Imagine an actual physical 3D model of an orthonormal basis, basically 3 cylindrical arrows, colored red, green and blue, and connected at their base as the origin. When someone says to you, rotate this object by 30 degrees around the X axis, what do you do? I think everyone would agree that you grab the red arrow, looking at it where it's arrow-tip is pointing at you, and rotating it counterclockwise to form a positive angle. That is not a controversial convention, and is how 3D rotations work in any 3D math library that I know of. OSL has a built-in rotate() function that does exactly that - it takes an arbitrary axis vector and an angle. The only differences between it and the rotate3d node in MaterialX are:

  1. It assumes the axis vector is normalized so does not normalize it
  2. It works with radians, not degrees
  3. It operates on a point and returns a point instead of a vector

MaterialX does not have a point type and I'm not suggesting that it would, and working with degrees is totally fine. Normalizing in the MaterialX is also fine, it is safer that way. But they definitely should both be rotating in the same direction. In fact, I would go further and say that the OSL back-end implementation of MaterialX's rotate3d_vector3 node should just be: vector result = (vector)rotate((point)in, axis, radians(amount)) Currently, to make that work, the amount would have to be negated.

RotationAroundZaxis_MGE MaterialX_rotate3d_OSL_vs_GLSL OSL_transform_matrix_vector4 RowMajor_VectorMatrixMultiplication RotationAroundZaxis_BlenderOSL

Video: https://github.com/user-attachments/assets/b119d4a1-92c0-4e3a-a276-fd36eb1f7cc7

Additional test content: rotation3d_vector3.zip

jstone-lucasfilm commented 1 month ago

Thanks for this great overview, @HardCoreCodin!
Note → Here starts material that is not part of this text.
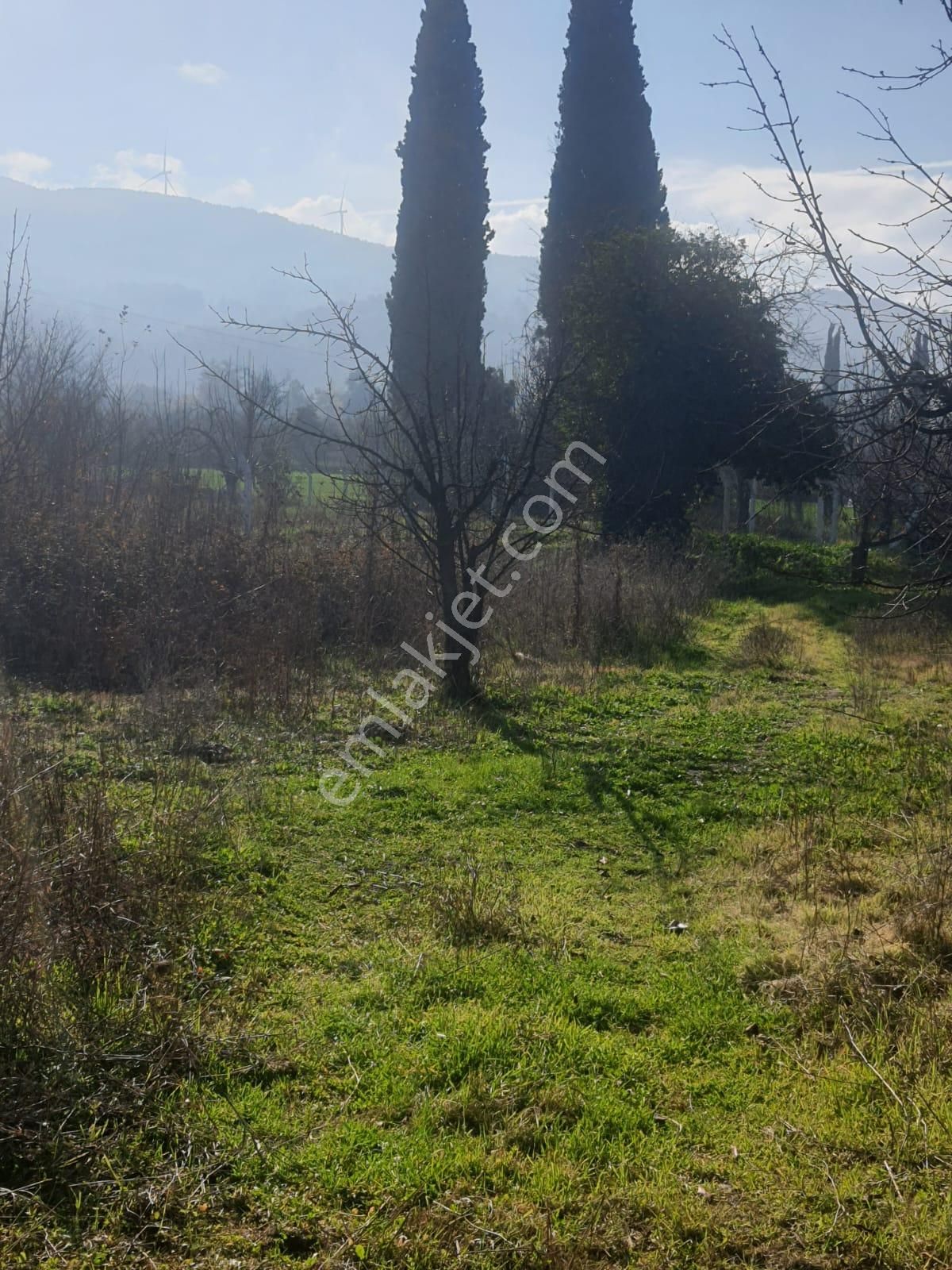 Gökçealan Köyünde Tek Tapu Tarla - Görsel 5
My sense is that we should address this in MaterialX v1.40, inverting the rotation direction in rotate3d and adding a version upgrade path that maintains the visual interpretation of existing documents from v1.39 and earlier.

roelandschoukens commented 1 month ago

Yeah there is a subtle difference between OSL and GLSL matrix math:

Consider a basic affine transform:

$$ \begin{pmatrix} m{11} & m{12} & m{13} & t\mathrm{x}\ m{21} & m{22} & m{23} & t\mathrm{y}\ m{31} & m{32} & m{33} & t\mathrm{z}\ 0 & 0 & 0 & 1\ \end{pmatrix} \cdot \begin{pmatrix} p\mathrm{x}\ p\mathrm{y}\ p_\mathrm{z}\ 1\ \end{pmatrix} $$

In OSL you write

matrix M = {m11, m21, m31, 0,
            m12, m22, m32, 0,
            m13, m23, m33, 0,
            tx, ty, tz, 1};
result = transform(M, p);

In GLSL it is

mat44 M = mat44(vec4(m11, m21, m31, 0),
                vec4(m12, m22, m32, 0),
                vec4(m13, m23, m33, 0),
                vec4(tx, ty, tz, 1));
result = M * p;

That is so far quite similar. Same order of elements. However, OSL specifies that the matrix above is row-major, in other words, (m11, m21, m31, 0) is the first row. While GLSL specifies the given vec4 elements are columns. This difference becomes important if you have two matrices, because multiplication is not commutative: The mathematical expression $\mathbf{M}_2 \mathbf{M}_1 \mathbf{p}$ is written as transform(M1 * M2, p) in OSL while GLSL will follow the algebraic multiplication order M2 * M1 * p.

So algebraically, the OSL expression has to be thought of as:

$$ \begin{pmatrix} p\mathrm{x} & p\mathrm{y} & p\mathrm{z} & 1 \end{pmatrix} \cdot \begin{pmatrix} m{11} & m{21} & m{31} & 0\ m{12} & m{22} & m{32} & 0\ m{13} & m{23} & m{33} & 0\ t\mathrm{x} & t\mathrm{y} & t_\mathrm{z} & 1\ \end{pmatrix} $$

lgritz commented 1 month ago

That's right. OSL does it the same way that RenderMan did it, FYI.